Finie l'arrogance des Bush-Cheney et de la "clique des vieux hommes blancs de Washington !", lance Debbie ; finie l'influence des va-t-en-guerre, des pétroliers, et autres profiteurs des marchés de l'Irak ; finie l'indifférence aux communautés les plus pauvres, aux exclus du système de santé, aux petits salaires des femmes payées 76,6 cents pour un travail pour lequel les hommes perçoivent un dollar. "A la différence de Sarah Palin, il est du côté des femmes", souligne Pam, sensible tant à sa défense de l'égalité de salaire, du droit à l'avortement, de l'accès à la contraception qu'à sa volonté d'étendre le congé des femmes enceintes ou des salariés devant s'occuper d'un parent âgé. "Le jour où Obama a accepté sa nomination, c'était le 45e anniversaire du discours de Martin Luther King à Washington, et cela prenait tout son sens", dit Christiane, "bouleversée" par "l'éthique et l'humanisme" du leader démocrate.

La ville de Philadelphie a été quadrillée, et des petits commandos s'occupent, dans chaque quartier, de recruter des hordes de volontaires. "Il nous en faudrait 10 000 le jour de l'élection", dit Christiane. Pour quoi faire ? Allons donc ! "Frapper aux portes. Une fois, deux fois, trois fois. S'assurer que les gens vont voter, s'assurer qu'ils ont voté, s'assurer qu'ils n'ont pas de problème de déplacement ou de garde d'enfants..."

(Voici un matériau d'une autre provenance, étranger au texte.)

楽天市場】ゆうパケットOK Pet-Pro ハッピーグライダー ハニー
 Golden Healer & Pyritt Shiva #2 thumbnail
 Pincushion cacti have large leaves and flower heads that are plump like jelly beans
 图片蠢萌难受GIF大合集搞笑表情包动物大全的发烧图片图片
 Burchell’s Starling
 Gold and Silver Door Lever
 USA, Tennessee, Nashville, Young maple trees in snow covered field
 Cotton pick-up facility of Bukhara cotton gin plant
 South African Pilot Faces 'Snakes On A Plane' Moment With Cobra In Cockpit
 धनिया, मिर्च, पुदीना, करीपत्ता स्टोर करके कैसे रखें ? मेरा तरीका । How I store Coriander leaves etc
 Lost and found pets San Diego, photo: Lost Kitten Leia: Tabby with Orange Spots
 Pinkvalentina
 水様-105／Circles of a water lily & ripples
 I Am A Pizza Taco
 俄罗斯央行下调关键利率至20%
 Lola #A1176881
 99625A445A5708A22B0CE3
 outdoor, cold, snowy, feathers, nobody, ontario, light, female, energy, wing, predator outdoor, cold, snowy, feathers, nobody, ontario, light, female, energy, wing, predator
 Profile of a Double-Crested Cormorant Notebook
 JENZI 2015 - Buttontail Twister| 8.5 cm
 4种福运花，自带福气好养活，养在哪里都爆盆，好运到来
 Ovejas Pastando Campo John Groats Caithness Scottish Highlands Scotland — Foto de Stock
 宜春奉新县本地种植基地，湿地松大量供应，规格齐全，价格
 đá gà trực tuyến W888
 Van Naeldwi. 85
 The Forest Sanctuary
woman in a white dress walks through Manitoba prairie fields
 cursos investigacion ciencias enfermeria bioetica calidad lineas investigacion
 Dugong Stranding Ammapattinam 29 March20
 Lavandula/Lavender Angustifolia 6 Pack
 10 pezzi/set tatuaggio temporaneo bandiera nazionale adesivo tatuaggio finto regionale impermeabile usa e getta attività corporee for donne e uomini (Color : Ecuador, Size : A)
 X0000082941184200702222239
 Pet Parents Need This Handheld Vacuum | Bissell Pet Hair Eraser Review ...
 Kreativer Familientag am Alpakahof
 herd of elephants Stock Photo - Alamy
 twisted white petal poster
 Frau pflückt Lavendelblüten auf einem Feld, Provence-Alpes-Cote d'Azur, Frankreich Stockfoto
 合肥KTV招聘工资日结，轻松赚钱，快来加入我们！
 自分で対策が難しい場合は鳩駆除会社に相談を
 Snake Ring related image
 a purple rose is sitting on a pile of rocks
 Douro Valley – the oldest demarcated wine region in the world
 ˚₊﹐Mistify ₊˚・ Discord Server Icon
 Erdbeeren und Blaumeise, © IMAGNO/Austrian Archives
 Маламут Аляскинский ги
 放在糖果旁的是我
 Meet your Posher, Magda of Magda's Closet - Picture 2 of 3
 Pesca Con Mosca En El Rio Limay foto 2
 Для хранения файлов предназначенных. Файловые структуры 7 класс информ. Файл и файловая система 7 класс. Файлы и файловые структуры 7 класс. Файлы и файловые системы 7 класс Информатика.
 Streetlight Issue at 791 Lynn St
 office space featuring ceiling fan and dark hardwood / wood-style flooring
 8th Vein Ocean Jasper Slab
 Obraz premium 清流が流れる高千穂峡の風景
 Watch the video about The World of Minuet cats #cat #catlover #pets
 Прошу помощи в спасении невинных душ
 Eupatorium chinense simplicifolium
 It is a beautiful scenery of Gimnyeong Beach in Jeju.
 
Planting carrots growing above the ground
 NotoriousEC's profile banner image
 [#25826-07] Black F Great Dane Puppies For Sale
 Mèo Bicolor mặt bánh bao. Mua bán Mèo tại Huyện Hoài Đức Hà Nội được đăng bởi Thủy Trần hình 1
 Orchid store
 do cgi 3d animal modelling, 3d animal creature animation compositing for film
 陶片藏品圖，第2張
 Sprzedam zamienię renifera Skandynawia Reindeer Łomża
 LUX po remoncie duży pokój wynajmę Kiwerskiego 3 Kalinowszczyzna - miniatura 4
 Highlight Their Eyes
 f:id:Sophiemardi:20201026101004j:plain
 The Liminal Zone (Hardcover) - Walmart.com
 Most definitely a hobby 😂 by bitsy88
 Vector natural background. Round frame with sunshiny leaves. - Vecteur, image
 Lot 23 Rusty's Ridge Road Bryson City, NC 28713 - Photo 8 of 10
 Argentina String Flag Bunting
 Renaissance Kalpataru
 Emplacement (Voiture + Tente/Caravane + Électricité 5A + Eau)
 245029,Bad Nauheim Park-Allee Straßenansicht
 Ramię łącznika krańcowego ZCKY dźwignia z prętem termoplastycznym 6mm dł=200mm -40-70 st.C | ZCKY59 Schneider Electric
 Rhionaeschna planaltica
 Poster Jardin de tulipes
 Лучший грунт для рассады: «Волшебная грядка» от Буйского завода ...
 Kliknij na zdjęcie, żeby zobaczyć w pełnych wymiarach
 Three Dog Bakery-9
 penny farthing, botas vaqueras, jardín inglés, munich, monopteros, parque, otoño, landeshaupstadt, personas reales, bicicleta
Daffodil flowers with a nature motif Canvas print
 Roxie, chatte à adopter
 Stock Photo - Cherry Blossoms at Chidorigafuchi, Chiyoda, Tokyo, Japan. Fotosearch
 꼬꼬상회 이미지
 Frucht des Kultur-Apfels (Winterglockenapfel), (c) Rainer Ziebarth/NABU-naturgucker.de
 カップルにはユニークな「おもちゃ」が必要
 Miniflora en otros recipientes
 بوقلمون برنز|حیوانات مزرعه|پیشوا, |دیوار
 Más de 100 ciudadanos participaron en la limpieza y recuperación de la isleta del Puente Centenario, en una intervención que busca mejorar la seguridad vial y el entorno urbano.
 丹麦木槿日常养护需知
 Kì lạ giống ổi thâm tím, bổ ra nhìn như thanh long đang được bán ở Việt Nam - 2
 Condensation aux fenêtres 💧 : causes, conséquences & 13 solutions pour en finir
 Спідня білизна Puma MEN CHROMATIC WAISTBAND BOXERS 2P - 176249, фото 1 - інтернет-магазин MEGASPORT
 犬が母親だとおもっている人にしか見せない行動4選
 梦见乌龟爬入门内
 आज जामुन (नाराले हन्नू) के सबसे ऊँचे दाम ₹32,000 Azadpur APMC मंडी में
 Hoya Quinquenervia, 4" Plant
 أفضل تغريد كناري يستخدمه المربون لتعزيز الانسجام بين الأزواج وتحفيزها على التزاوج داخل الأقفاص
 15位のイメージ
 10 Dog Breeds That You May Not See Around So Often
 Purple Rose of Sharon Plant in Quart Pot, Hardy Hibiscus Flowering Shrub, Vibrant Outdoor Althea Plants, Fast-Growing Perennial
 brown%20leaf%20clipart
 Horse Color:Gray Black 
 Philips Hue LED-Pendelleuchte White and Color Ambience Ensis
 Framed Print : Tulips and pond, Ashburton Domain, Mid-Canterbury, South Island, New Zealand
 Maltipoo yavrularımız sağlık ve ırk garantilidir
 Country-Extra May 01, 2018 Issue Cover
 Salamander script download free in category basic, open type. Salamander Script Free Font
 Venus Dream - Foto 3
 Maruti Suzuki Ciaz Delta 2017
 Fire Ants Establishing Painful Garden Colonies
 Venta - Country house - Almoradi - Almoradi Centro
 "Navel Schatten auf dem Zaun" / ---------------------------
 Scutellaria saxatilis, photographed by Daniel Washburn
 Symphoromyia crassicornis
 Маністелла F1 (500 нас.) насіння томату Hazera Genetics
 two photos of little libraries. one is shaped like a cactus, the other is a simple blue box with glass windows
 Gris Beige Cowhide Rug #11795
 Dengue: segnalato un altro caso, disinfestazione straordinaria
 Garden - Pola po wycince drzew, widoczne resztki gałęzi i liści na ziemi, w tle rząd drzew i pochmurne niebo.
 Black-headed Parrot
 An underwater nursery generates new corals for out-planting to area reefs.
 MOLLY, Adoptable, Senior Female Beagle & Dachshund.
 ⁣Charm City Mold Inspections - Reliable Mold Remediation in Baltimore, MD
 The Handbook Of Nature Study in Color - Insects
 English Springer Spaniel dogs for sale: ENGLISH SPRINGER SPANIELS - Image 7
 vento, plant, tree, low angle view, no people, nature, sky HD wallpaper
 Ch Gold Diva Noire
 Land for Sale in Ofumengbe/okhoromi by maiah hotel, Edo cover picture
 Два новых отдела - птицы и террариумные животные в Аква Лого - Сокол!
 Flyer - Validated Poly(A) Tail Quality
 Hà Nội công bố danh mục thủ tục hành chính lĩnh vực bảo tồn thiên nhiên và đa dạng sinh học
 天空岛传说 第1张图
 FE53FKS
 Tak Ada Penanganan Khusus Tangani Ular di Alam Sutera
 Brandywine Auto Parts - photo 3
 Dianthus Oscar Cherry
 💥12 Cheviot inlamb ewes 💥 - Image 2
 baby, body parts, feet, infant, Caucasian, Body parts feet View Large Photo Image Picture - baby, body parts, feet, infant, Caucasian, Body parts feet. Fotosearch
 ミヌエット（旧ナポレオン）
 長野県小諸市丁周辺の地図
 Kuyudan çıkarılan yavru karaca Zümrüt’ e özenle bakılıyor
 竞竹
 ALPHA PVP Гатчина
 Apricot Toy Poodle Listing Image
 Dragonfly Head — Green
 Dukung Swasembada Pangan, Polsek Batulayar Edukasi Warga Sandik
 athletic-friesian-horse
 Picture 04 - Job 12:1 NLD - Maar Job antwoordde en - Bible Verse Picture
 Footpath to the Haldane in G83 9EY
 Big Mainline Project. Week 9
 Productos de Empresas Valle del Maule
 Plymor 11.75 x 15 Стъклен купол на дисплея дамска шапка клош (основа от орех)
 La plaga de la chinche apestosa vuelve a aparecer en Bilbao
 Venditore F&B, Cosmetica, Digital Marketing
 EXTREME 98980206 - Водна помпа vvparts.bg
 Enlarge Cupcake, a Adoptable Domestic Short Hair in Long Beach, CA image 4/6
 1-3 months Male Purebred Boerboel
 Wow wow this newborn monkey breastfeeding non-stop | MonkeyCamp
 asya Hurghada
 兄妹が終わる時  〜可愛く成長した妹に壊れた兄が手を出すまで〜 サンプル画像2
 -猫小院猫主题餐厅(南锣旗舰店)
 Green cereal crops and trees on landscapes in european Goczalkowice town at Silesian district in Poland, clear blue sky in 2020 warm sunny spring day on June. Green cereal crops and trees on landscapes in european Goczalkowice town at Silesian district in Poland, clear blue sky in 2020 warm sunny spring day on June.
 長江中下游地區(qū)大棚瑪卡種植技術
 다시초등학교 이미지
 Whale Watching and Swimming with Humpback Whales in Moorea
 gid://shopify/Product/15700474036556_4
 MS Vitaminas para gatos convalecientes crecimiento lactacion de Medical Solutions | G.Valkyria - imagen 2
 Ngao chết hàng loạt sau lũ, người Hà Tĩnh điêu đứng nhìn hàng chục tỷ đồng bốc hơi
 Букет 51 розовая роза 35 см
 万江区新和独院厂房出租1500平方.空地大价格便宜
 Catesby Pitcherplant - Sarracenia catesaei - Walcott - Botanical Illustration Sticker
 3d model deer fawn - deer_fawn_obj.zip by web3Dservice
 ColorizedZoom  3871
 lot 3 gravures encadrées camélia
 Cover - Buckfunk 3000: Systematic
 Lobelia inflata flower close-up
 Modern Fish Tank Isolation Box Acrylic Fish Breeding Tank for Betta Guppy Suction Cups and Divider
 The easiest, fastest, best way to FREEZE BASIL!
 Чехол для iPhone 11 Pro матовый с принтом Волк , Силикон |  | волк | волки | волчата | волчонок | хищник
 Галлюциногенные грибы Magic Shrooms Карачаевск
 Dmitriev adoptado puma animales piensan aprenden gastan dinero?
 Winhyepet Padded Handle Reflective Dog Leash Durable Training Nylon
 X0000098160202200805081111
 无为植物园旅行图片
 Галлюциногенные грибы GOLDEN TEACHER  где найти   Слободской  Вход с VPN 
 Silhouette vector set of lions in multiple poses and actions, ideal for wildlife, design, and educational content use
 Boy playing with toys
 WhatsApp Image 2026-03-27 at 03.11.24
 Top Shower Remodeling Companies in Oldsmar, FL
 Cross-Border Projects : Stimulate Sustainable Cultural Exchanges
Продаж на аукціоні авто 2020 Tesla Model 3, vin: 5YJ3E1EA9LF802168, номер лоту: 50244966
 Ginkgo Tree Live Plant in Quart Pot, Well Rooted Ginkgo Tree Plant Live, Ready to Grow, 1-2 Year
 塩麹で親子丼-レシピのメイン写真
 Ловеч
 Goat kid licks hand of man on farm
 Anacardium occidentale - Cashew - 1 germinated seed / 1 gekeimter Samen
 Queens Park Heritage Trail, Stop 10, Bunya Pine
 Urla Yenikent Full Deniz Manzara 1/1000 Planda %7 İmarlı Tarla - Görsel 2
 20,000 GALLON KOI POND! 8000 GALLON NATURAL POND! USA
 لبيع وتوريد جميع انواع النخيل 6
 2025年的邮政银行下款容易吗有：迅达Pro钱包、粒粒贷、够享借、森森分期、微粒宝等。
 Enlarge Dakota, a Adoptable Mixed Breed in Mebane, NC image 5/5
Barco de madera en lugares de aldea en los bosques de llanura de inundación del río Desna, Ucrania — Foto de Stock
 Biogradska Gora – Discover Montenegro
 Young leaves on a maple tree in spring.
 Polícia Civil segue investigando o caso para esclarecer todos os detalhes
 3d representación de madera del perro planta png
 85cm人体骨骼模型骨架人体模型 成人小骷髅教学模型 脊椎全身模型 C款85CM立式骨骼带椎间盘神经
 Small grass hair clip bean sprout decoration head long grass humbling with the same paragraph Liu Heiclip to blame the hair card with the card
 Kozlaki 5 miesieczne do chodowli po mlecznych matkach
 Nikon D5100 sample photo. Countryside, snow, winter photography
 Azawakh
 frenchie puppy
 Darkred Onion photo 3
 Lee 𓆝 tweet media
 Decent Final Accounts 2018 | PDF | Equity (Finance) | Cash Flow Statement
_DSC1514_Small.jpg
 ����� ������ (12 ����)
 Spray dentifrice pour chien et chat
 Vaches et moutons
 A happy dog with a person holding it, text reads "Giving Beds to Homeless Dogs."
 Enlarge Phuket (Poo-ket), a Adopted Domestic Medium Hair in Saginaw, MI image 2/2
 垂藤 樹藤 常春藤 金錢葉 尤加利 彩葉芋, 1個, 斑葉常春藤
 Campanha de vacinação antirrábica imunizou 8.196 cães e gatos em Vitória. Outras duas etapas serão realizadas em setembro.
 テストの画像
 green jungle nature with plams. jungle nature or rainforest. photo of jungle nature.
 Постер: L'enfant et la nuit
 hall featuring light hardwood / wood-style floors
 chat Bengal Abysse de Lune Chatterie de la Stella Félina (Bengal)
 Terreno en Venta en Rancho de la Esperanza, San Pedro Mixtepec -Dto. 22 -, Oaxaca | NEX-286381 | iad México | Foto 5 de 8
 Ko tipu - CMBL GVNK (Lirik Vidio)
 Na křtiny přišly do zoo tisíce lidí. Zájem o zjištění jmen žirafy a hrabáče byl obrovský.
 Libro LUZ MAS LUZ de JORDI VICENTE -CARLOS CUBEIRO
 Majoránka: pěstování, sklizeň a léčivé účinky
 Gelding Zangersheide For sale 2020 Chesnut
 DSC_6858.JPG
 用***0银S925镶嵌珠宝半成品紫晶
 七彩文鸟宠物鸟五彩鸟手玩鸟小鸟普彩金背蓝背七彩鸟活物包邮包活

Ce samedi, le comité Obama organise au coeur de la ville un concert de Bruce Springsteen, grand supporteur du sénateur de l'Illinois. Cinquante mille personnes se pressent pour écouter le Boss tandis que Christiane, Pam, Debbie, Elaine et des centaines de volontaires remplissent des formulaires d'inscription sur les listes électorales et prennent les coordonnées des sympathisants.

Doris Thomas et Johnnie Mae West sont aussi de la partie. Africaines-Américaines, vivant dans un quartier défavorisé où la plupart des familles sont touchées ou menacées par le chômage, elles espèrent "un raz de marée" en faveur d'Obama. "Ce pays a besoin d'être lavé, vous entendez ?, dit l'une. Lavé des ignominies de Bush qui a envoyé les enfants les plus pauvres se faire tuer en Irak et qui offre 700 milliards aux financiers de Wall Street quand tant de gens sont en train de tout perdre, y compris leur logement ! Dans ce pays, si vous loupez deux échéances de remboursement, on revend votre maison et même votre voiture ! Mais ça, McCain ne peut pas comprendre, lui qui ne se rappelle même plus combien il a de maisons !"

Un détour au Wal-Mart s'impose. La chaîne d'hypermarchés, fréquentée par un cinquième des Américaines au moins une fois par semaine, a donné son nom à un groupe démographique que les sondeurs disent crucial dans la bataille actuelle : les "Wal-Mart moms", mères de famille blanches, peu éduquées et à faibles revenus. Ce jour-là, les femmes aux Caddie surchargés sont essentiellement africaines- américaines, et, sans surprise, penchent toutes pour Obama.

"Pas parce qu'il est noir !, insiste Betsy Shaw, mère célibataire, qui d'ailleurs préférait Hillary Clinton. Mais parce que c'est le seul qui peut sortir l'Amérique du marasme. J'ai eu jusqu'à trois boulots simultanés pour m'en sortir. Je n'en ai plus que deux et je boucle à peine mon budget. Si j'en perds un nouveau, je ne paie plus mon loyer. Ils le savent, ceux qui rêvent de l'Amérique, qu'ici il faut travailler comme des esclaves ?"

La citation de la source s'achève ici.